Richterin Myriam Gruß vom Oberlandesgericht Frankfurt versucht Streitparteien ohne Urteilsspruch zu helfen.

Am Anfang sei sie „ein bisschen geschubst worden“, erinnert sich Myriam Gruß. Vor zehn Jahren hat der Gesetzgeber die Einrichtung von Gütegerichtsverfahren eingeführt. Auch am Oberlandesgericht (OLG) Frankfurt galt es, geeignetes Personal dafür zu finden. „Meine Vorsitzende hat gesagt, das sei doch das Richtige für mich“, so Gruß. Seitdem ist sie Güterichterin und findet die Möglichkeit der außergerichtlichen Konfliktbeilegung „eine ganz wunderbare Alternative neben der Rechtsprechung“.

Güterichterverfahren werden im Zivil- und im Familienbereich angestrebt. Häufig sind die streitenden Parteien emotional miteinander verbunden oder auf längere Sicht aufeinander angewiesen, etwa Nachbarn, oder geschiedene Eheleute. Wer vor dem OLG landet, hat schon eine gerichtliche Instanz erfolglos hinter sich gebracht. Die Erfolgsquote von Gruß und ihrem zehnköpfigen Güterichter-Kollegium ist dennoch beachtlich. Von rund 800 Güterichterverfahren, die seit 2012 am OLG Frankfurt angestrengt wurden, führten mehr als die Hälfte zu einer gütlichen Einigung. Für Gruß ist der Erfolg im zweiten Anlauf nicht außergewöhnlich. „Manchmal sind die Parteien vorher einfach noch nicht so weit.“

Für die Verfahren gibt es im OLG einen eigenen Güterichter-Raum mit einem runden Tisch. „Das muss schon ein anderes Ambiente als im Gerichtssaal sein, sonst fällt man in den Modus zurück“, findet Gruß, die mittlerweile etwa 200 solcher Mediationen am runden Tisch hinter sich hat und gelassener geworden ist: „Wenn jemand aufspringt und die Tür zuschlägt, dann weiß ich mittlerweile, der kommt auch wieder zurück.“ Ohnehin sei es kein Drama, wenn ein Verfahren mal keine Lösung bringe.
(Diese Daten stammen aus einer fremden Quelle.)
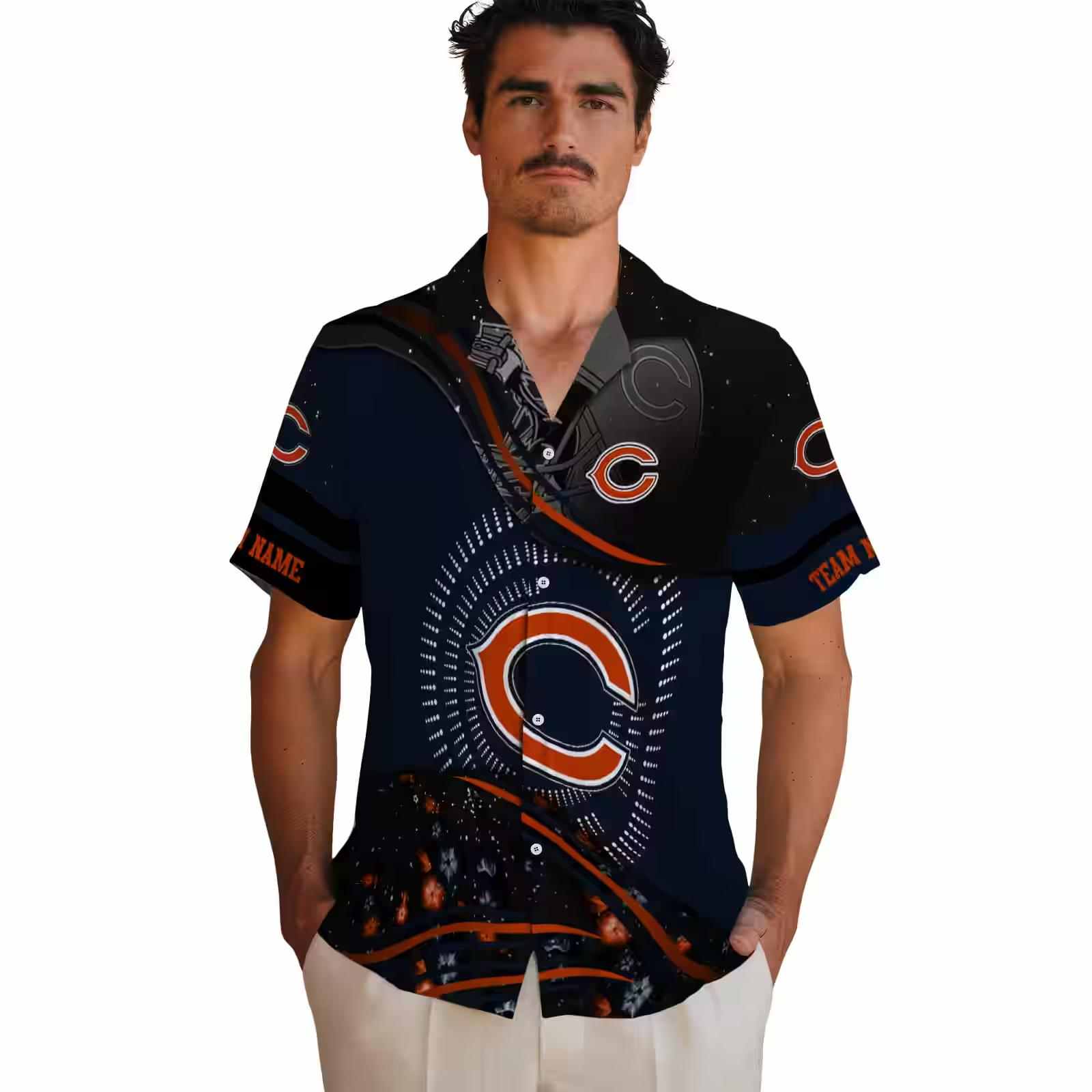 chicago bears football wave blue black hawaiian shirt fashion forward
In den meisten Fällen zeigen die Streitparteien trotzdem Dankbarkeit. „Da habe ich mich am Anfang drüber gewundert, aber sie sind einfach dankbar, dass sich jemand die Zeit nimmt und man das mal in Ruhe besprechen kann.“

Häufig aber ist Gruß erfolgreich. Quasi ihr Meisterstück hat sie im März gemeinsam mit einer Richterin für Familiensachen gemacht. Mehr als acht Stunden wurde getagt, um die Besitztümer vermögender Ex-Eheleute zu entflechten. Die beiden hatten gemeinsame Unternehmen, Immobilien und Verbindlichkeiten, waren sich auch in Sachen Erbschaften nicht einig und hatten deswegen vier Verfahren am OLG und fünf weitere an Amts- und Landgerichten laufen. Gruß und ihrer Kollegin gelang es, die Verbindlichkeiten neu zu ordnen und die Besitztümer zu entflechten, womit neun Gerichtsverfahren zu den Akten gelegt werden konnten. Kein Wunder also, dass OLG-Präsident Roman Poseck die Güterichterverfahren zum zehnjährigen Jubiläum als „Erfolgsmodell“ bezeichnet.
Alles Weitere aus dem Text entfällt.